# [DATA SUPPLIED]

↓

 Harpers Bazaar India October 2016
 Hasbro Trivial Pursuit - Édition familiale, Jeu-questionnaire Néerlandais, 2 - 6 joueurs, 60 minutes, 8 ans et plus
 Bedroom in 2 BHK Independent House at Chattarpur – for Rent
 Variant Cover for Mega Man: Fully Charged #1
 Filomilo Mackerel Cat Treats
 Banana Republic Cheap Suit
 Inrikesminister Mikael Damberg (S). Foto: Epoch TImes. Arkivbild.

↑
↓

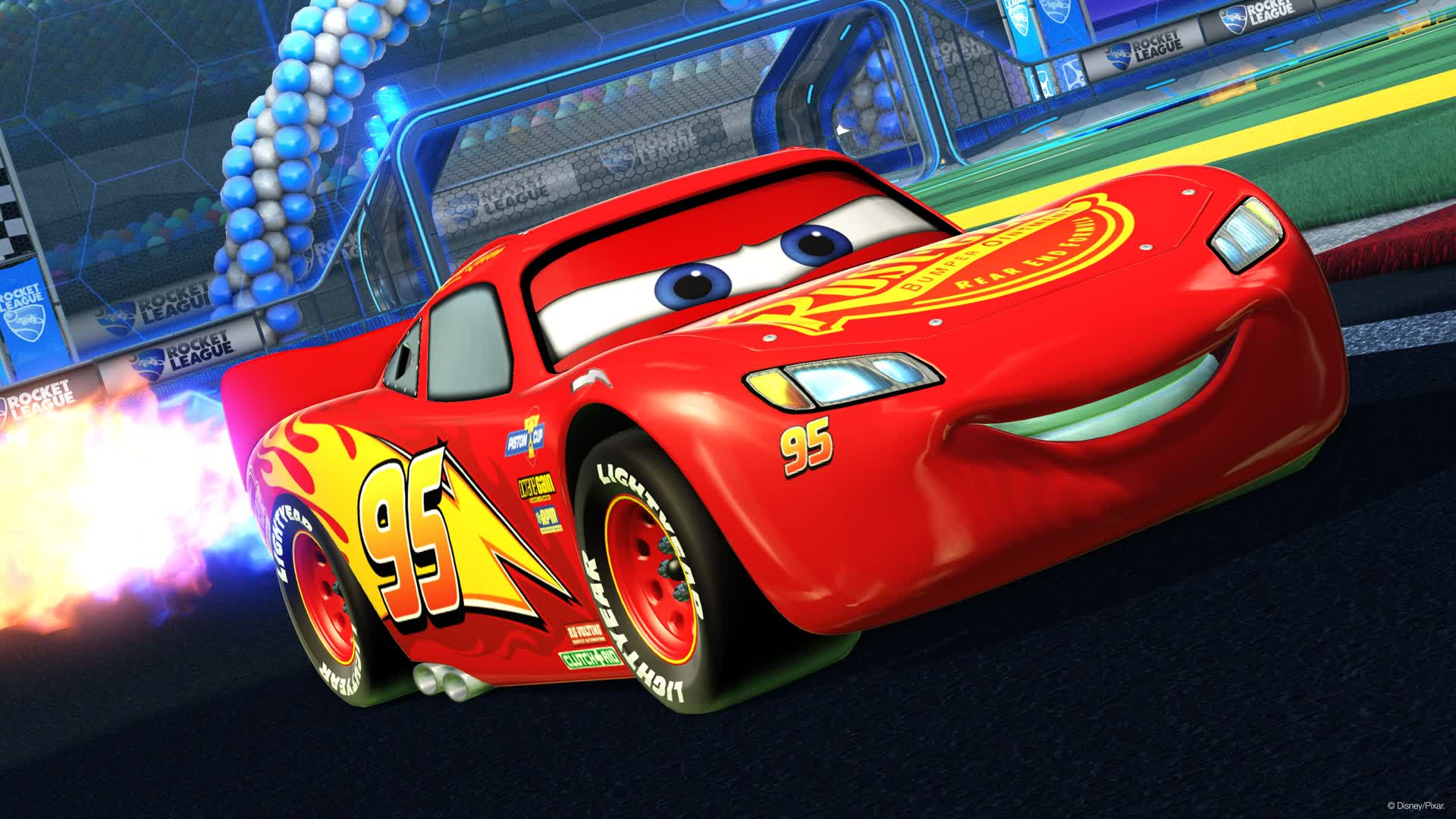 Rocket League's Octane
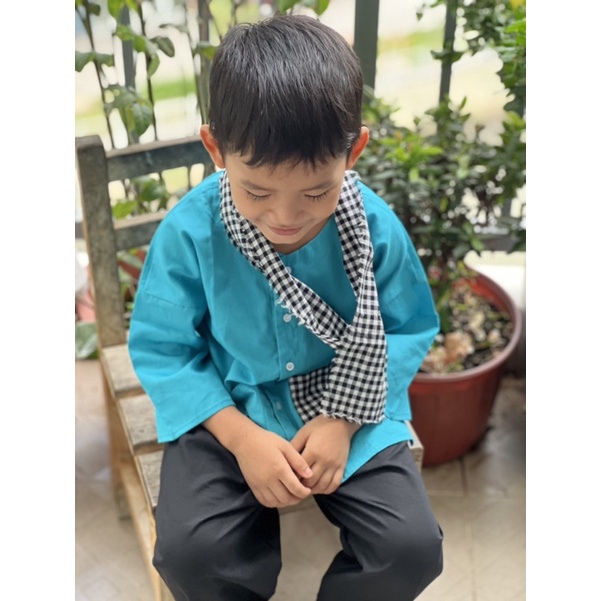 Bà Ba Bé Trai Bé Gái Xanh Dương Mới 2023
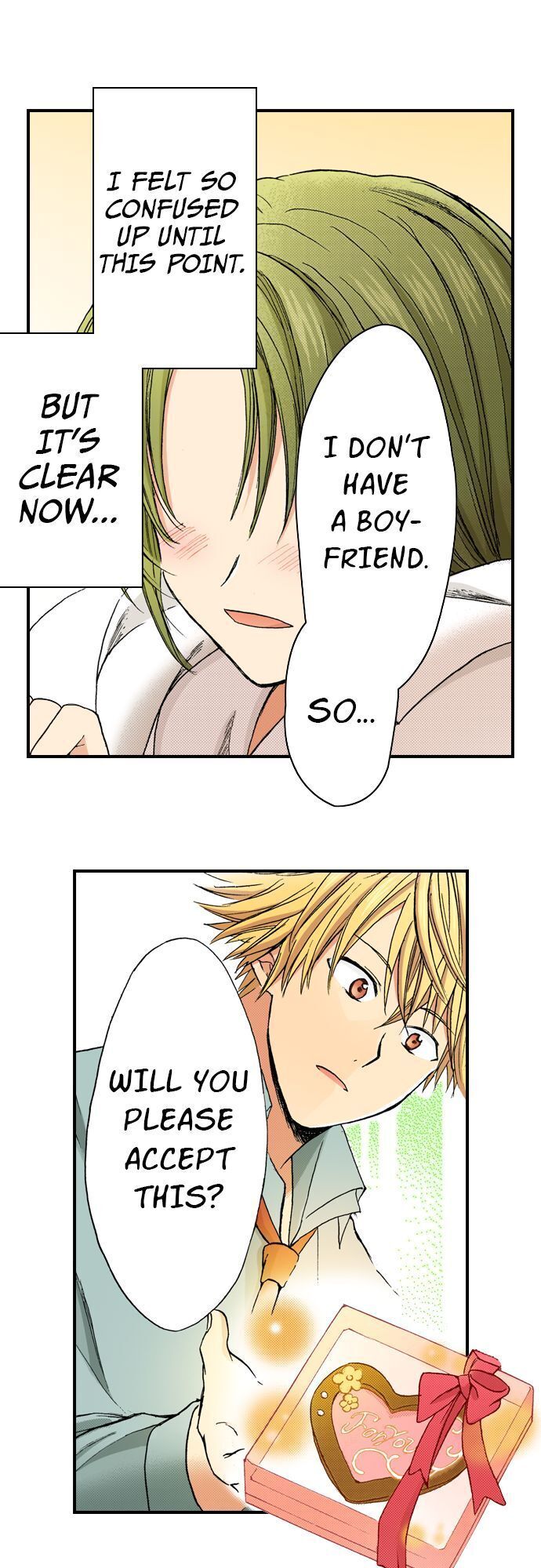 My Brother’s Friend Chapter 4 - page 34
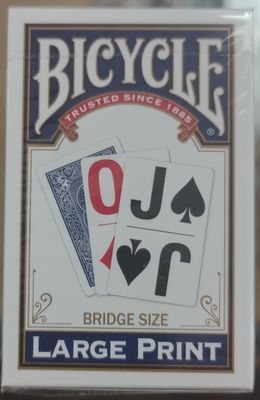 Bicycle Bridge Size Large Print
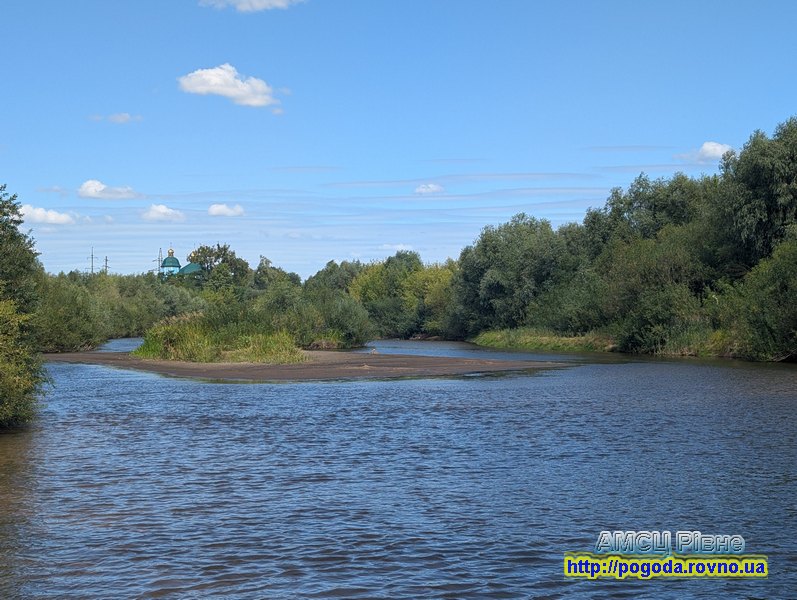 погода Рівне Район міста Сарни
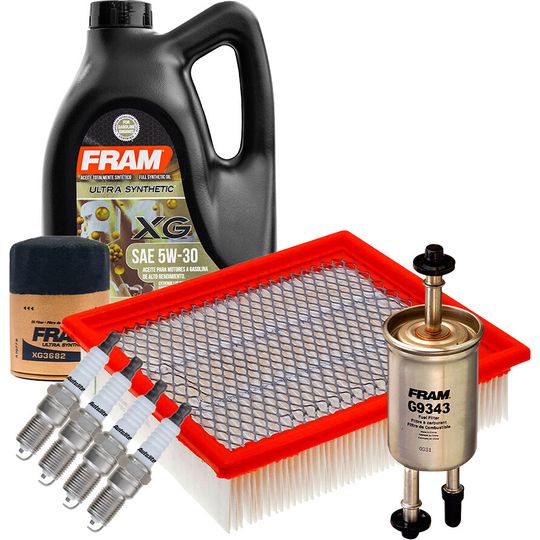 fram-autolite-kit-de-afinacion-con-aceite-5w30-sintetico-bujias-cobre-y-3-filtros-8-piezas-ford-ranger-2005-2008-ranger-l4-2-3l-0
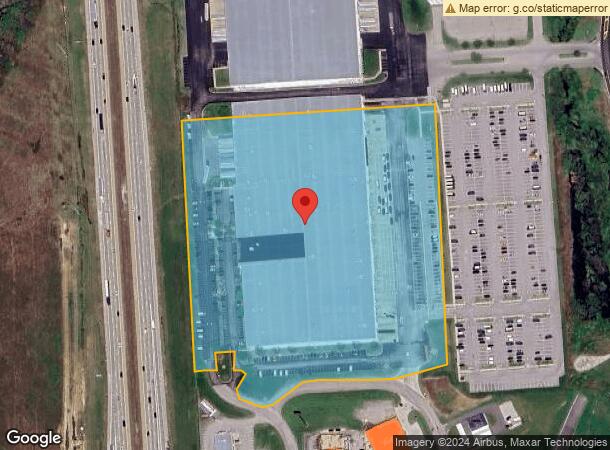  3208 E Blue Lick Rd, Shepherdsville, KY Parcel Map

↑
↓

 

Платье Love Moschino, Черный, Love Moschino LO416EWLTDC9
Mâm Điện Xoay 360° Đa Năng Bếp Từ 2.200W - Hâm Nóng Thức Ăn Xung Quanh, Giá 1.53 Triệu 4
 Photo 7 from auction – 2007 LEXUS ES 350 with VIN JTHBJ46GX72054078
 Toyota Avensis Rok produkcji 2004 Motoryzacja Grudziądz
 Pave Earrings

↑

# [TASK DESCRIPTION]
Word for word, restate the lines above from the line containing "Mâm Điện Xoay" through the line containing "Pave Earrings", with both included and nothing else.

# [TASK SOLUTION]
Mâm Điện Xoay 360° Đa Năng Bếp Từ 2.200W - Hâm Nóng Thức Ăn Xung Quanh, Giá 1.53 Triệu 4
 Photo 7 from auction – 2007 LEXUS ES 350 with VIN JTHBJ46GX72054078
 Toyota Avensis Rok produkcji 2004 Motoryzacja Grudziądz
 Pave Earrings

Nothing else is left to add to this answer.